Task goal:
A faithful transcript of every entry is required; pictures do not belong in it.
┌────────
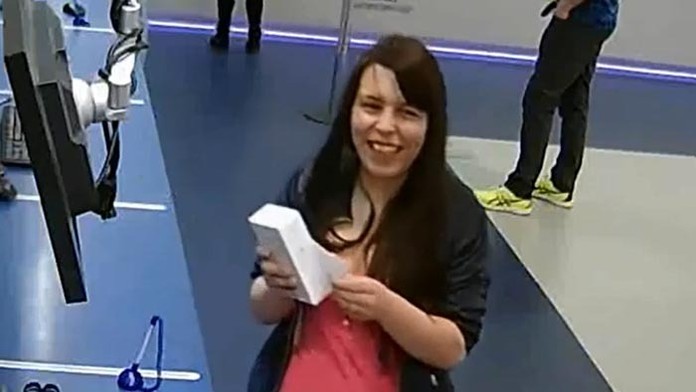 Táto žena je podvodníčka. Predáva atrapy mobilných telefónov. 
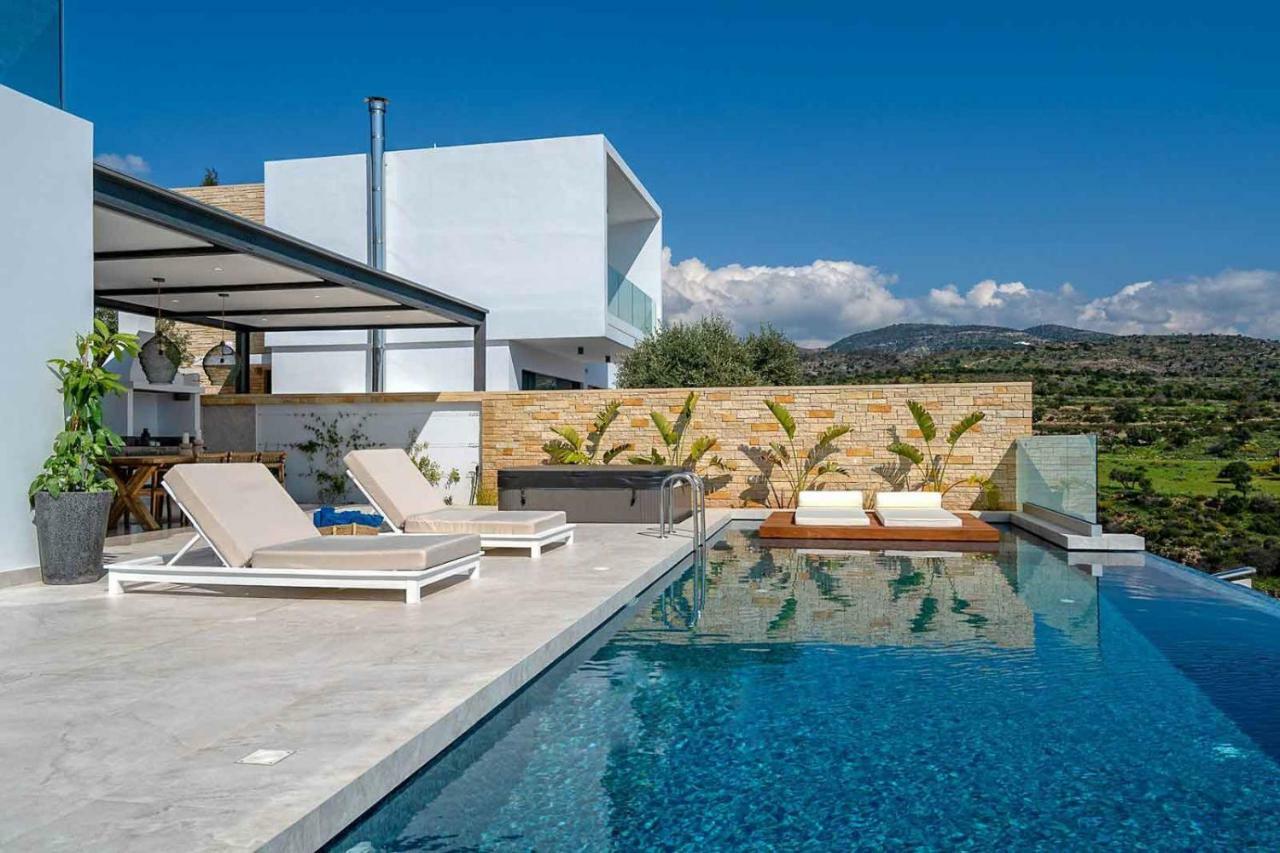 Golden Shore Paphos Ngoại thất bức ảnh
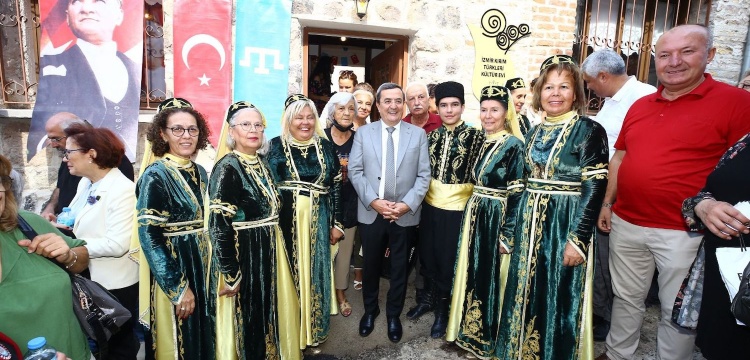 İzmir'deki tarihi Tatar Kırım Türkleri Evi, restore edilerek törenle hizmete açıldı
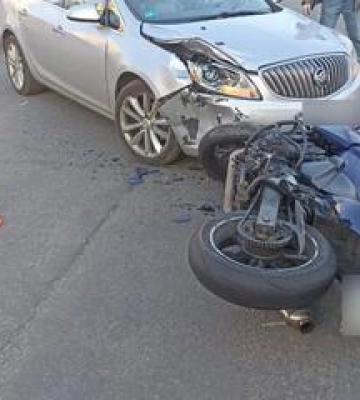 У Полтаві мотоцикл зіткнувся з автомобілем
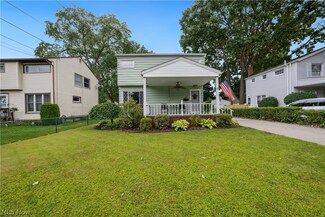 2827 7th St, Cuyahoga Falls, OH 44221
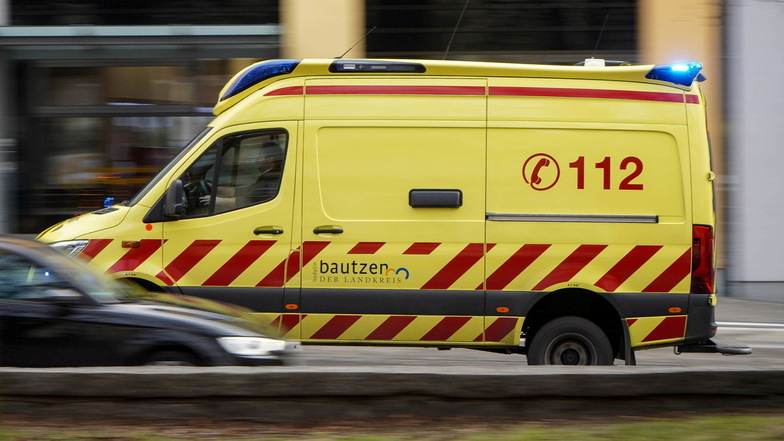 Schwerverletzt ins Krankenhaus: Ein 89-Jähriger Mann musste am Wochenende aus Sebnitz schwerverletzt ins Krankenhaus gebracht werden.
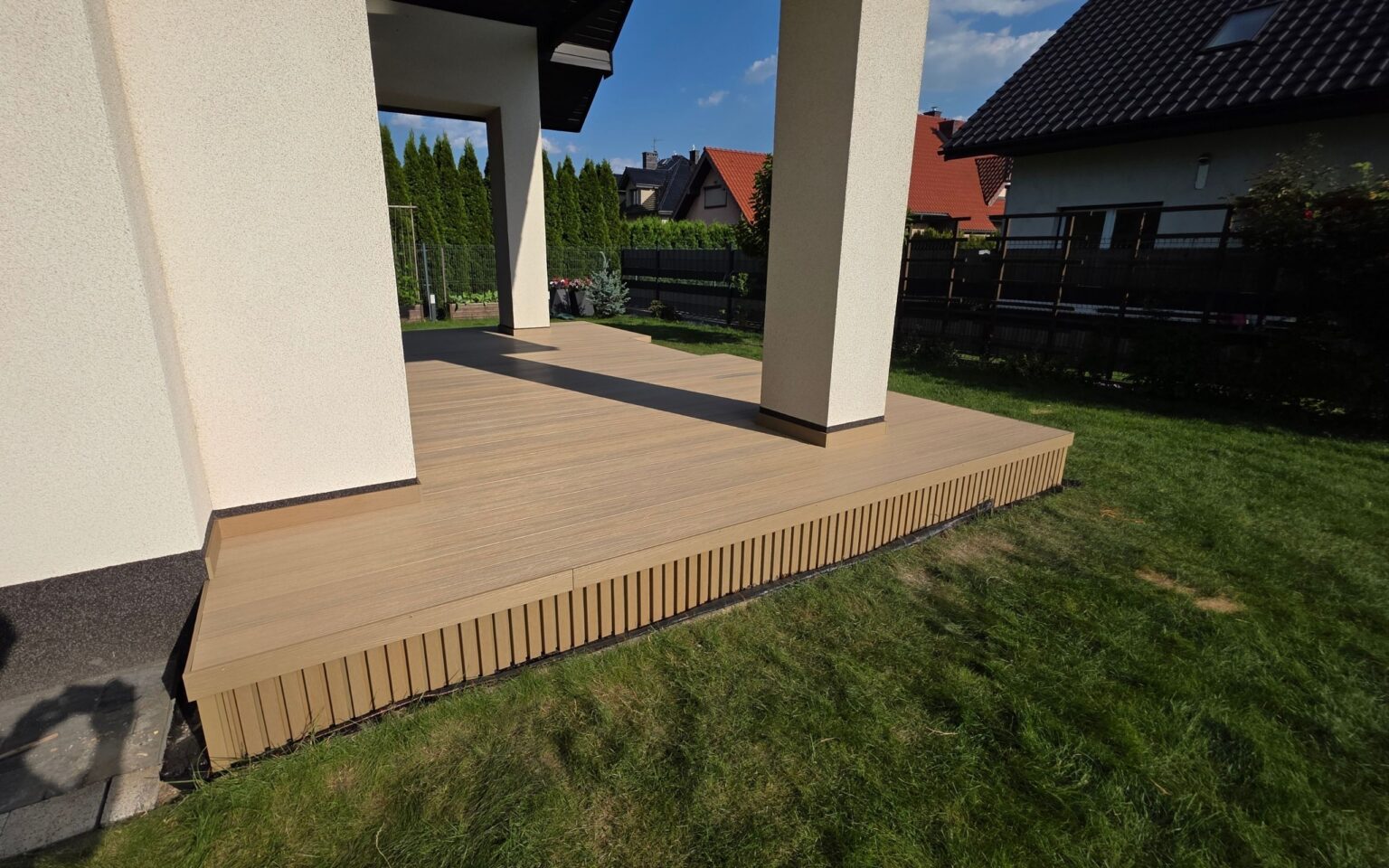 Realizacja tarasu z deski kompozytowej Nexo Beige | Jaworzno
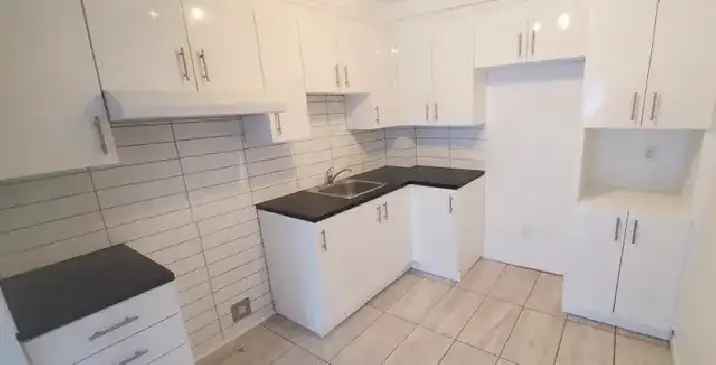 Renovated 4 1 2 Rosemont Apartments Available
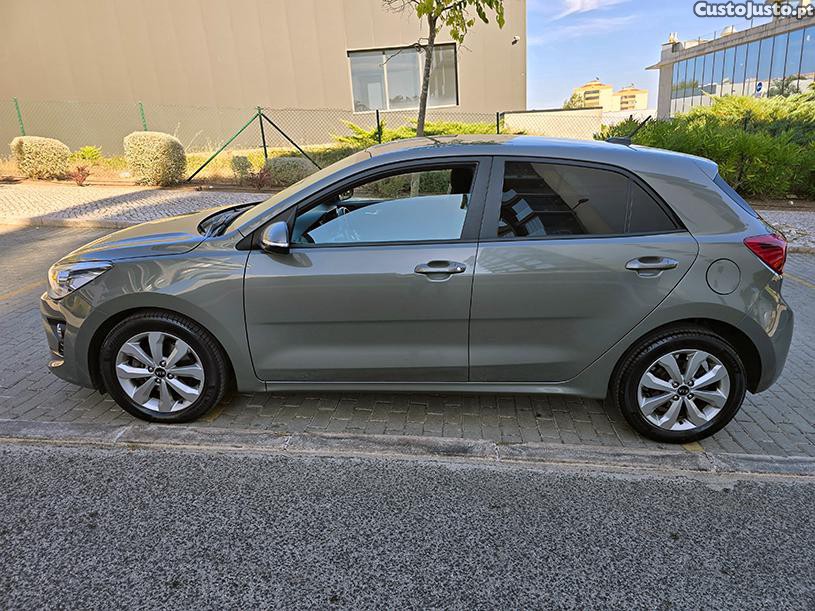 Kia Rio 1.0 TGDI Spirit 65.000kms - 21 — photo 2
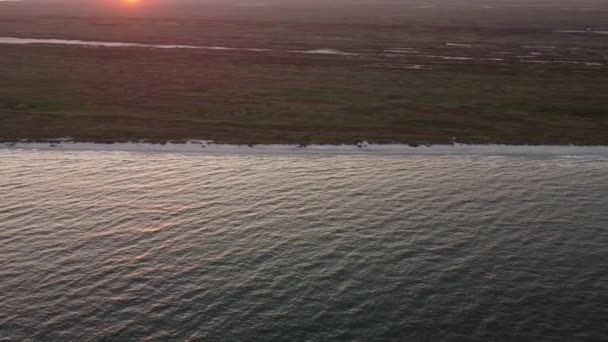 暖かい太陽が背景に設定されている間 黒海の美しい波の空中ショットは バドゥ ルーマニアの野生のビーチの海岸を打つ — ストック動画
└────────
Solution to this task:
 Táto žena je podvodníčka. Predáva atrapy mobilných telefónov. 
 Golden Shore Paphos Ngoại thất bức ảnh
 İzmir'deki tarihi Tatar Kırım Türkleri Evi, restore edilerek törenle hizmete açıldı
 У Полтаві мотоцикл зіткнувся з автомобілем
 2827 7th St, Cuyahoga Falls, OH 44221
 Schwerverletzt ins Krankenhaus: Ein 89-Jähriger Mann musste am Wochenende aus Sebnitz schwerverletzt ins Krankenhaus gebracht werden.
 Realizacja tarasu z deski kompozytowej Nexo Beige | Jaworzno
 Renovated 4 1 2 Rosemont Apartments Available
 Kia Rio 1.0 TGDI Spirit 65.000kms - 21 — photo 2
 暖かい太陽が背景に設定されている間 黒海の美しい波の空中ショットは バドゥ ルーマニアの野生のビーチの海岸を打つ — ストック動画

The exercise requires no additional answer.